Records provided =>
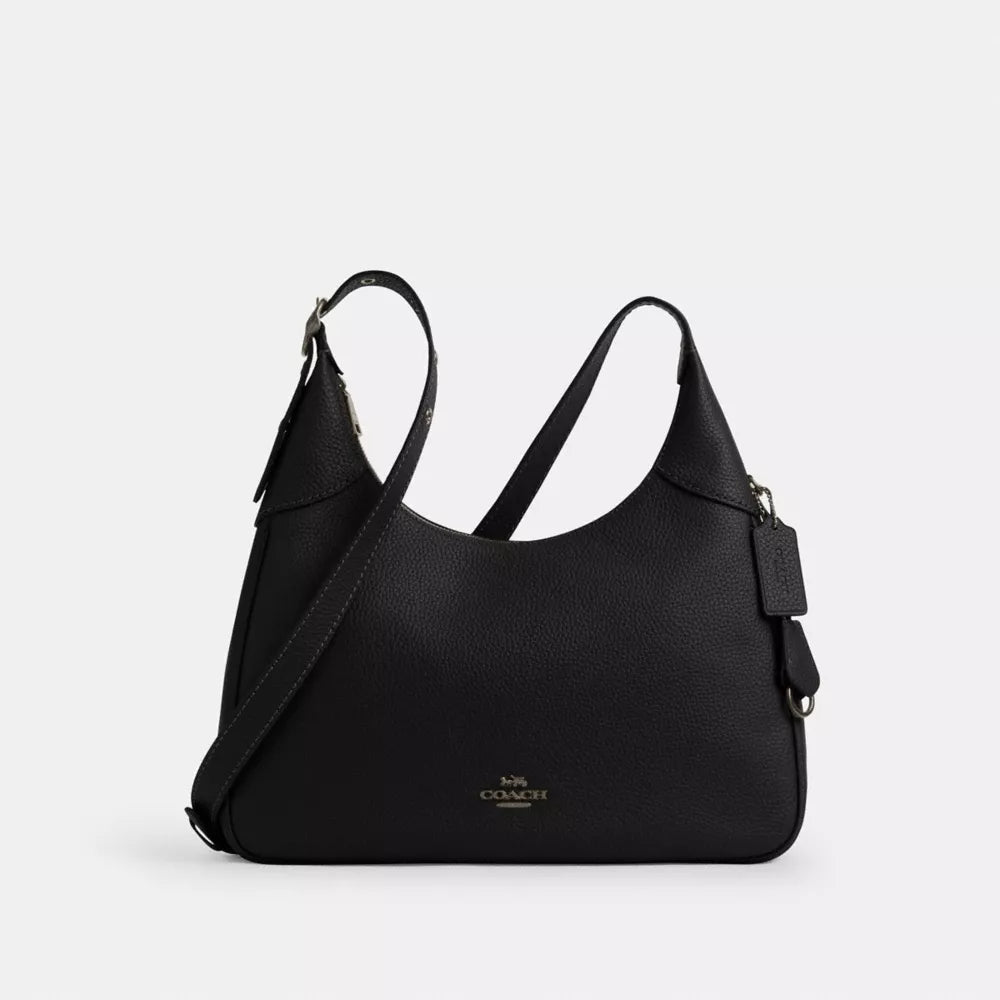 Ella Shoulder Bag - Pebbled Leather/Gunmetal/Black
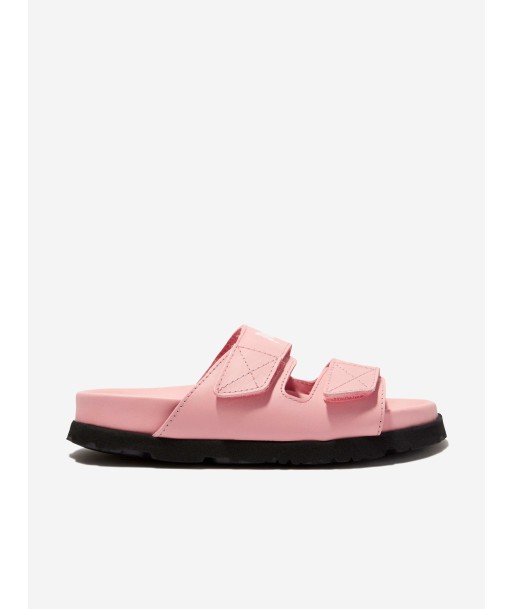 Palm Angels Girls Logo Sandals in Pink est présent 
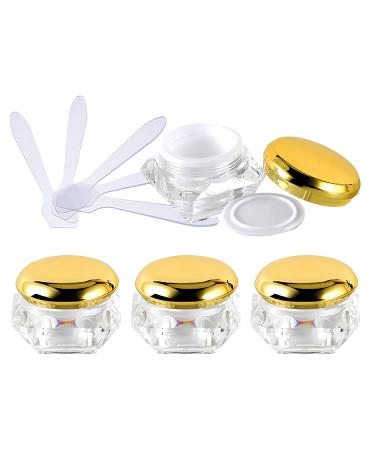 Zeoabsy 4 pieces Transparent Acrylic Diamond form 5 ml plastic empty can with gold screw cap 5 ml of cream dose tick trips for lotion nail art lip balm cream gold 5ml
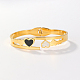 Natural Shell Heart Hinged Cuff Bangle(DD3950)-1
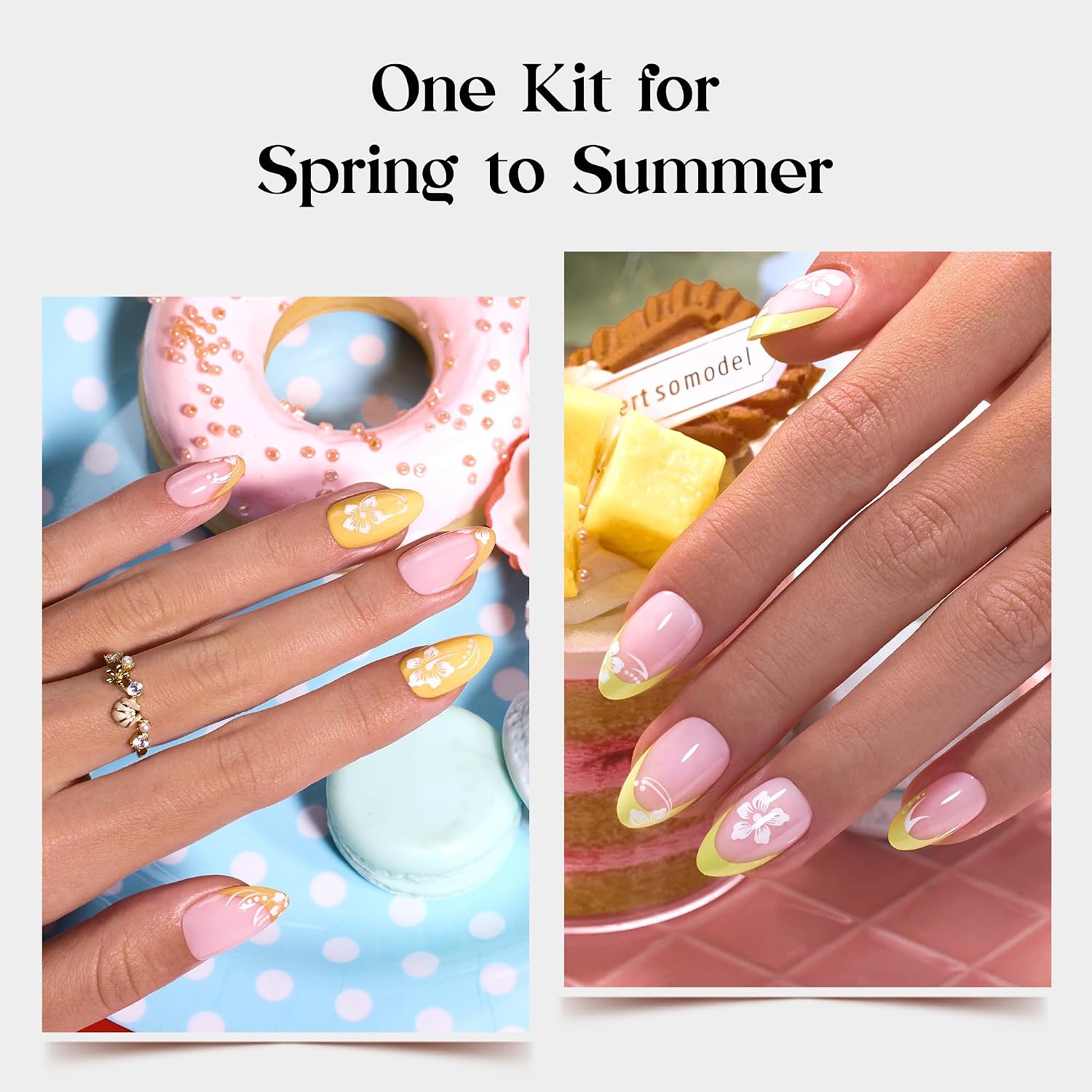 Detalle de Beetles PP036 Chromatic Reverie Press-On Nails Kit, 24 Colors, Short Almond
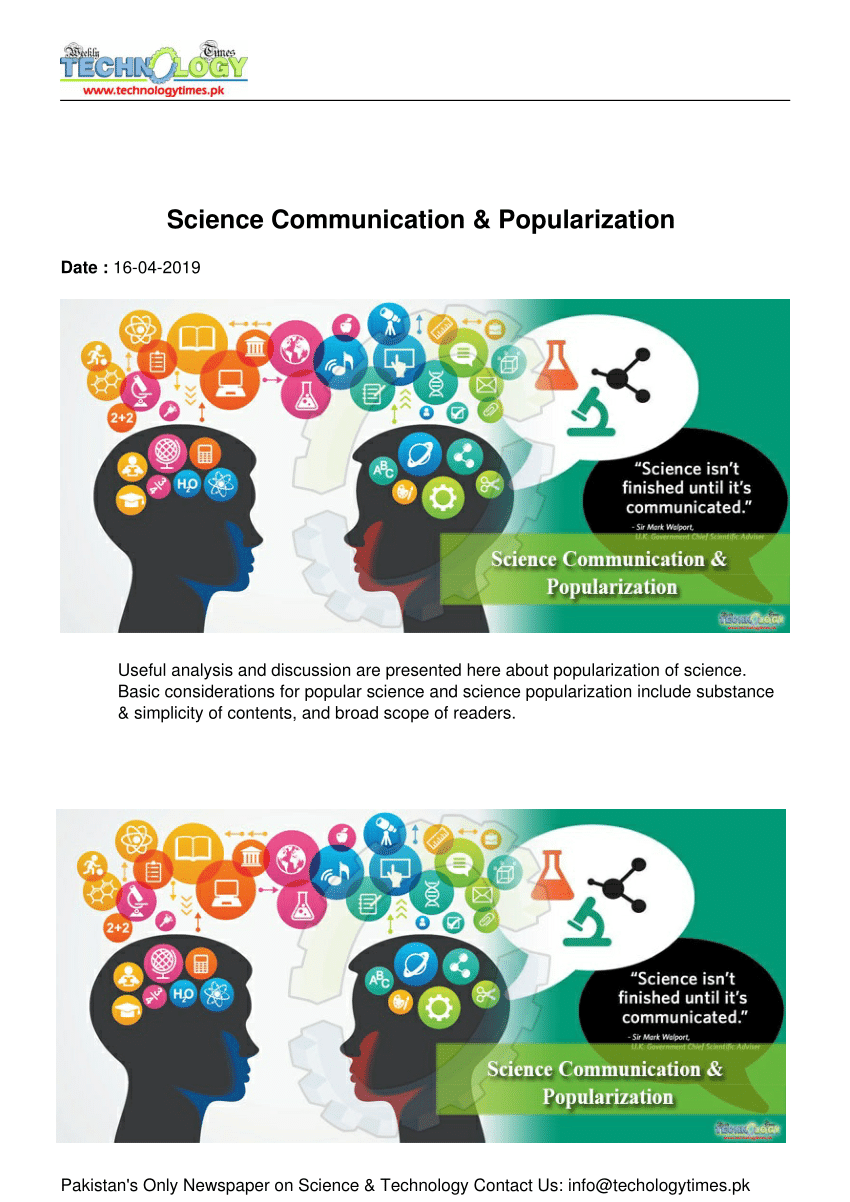 (PDF) Science Communication & Popularization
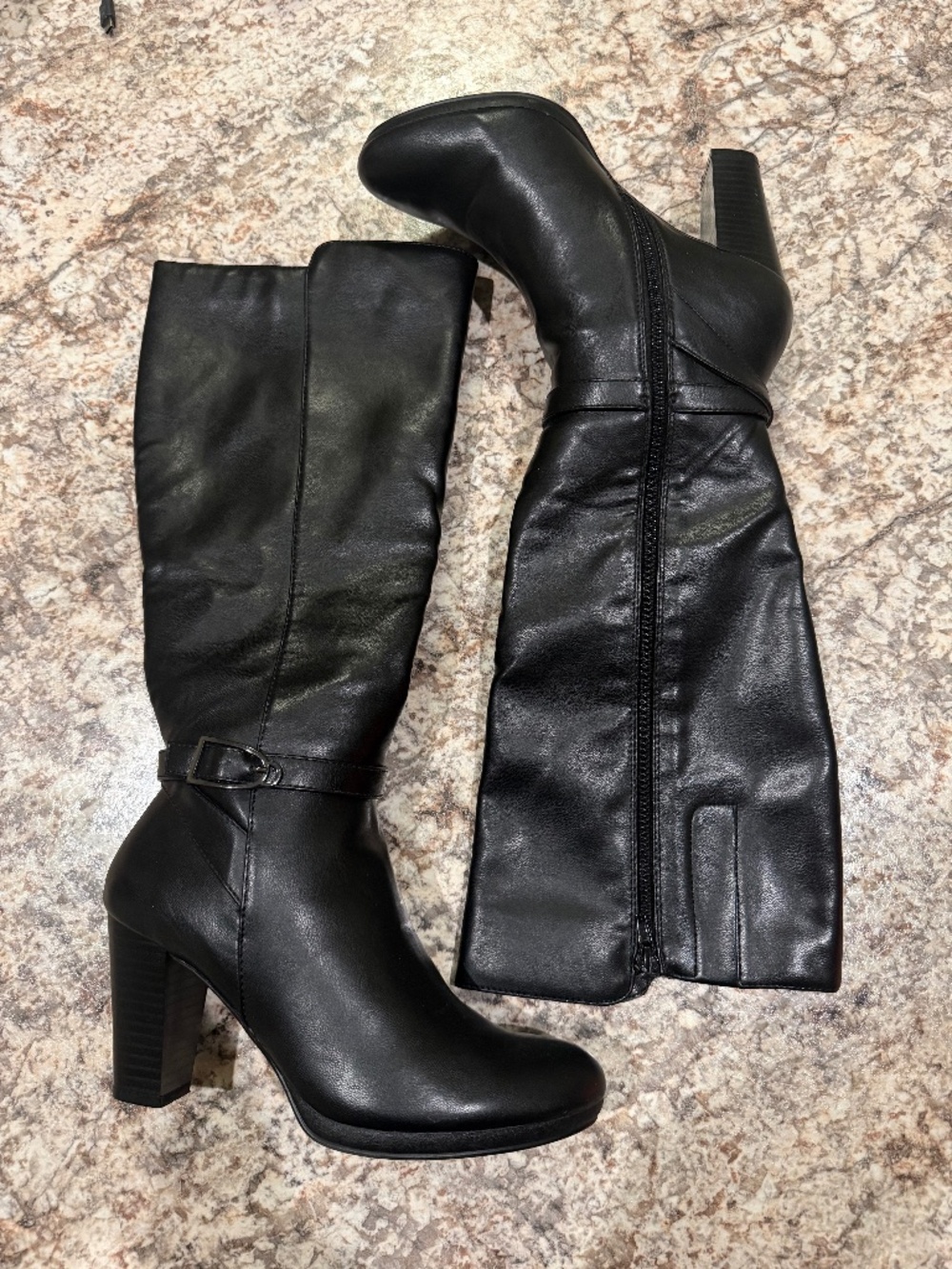 ANDREW GELLER women KORA knee high boots shoe size 7.5 black faux leather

Work request => Write the records out once more, exactly as they appear, with no pictures.

Answer for the task =>
 Ella Shoulder Bag - Pebbled Leather/Gunmetal/Black
 Palm Angels Girls Logo Sandals in Pink est présent 
 Zeoabsy 4 pieces Transparent Acrylic Diamond form 5 ml plastic empty can with gold screw cap 5 ml of cream dose tick trips for lotion nail art lip balm cream gold 5ml
 Natural Shell Heart Hinged Cuff Bangle(DD3950)-1
 Detalle de Beetles PP036 Chromatic Reverie Press-On Nails Kit, 24 Colors, Short Almond
 (PDF) Science Communication & Popularization
 ANDREW GELLER women KORA knee high boots shoe size 7.5 black faux leather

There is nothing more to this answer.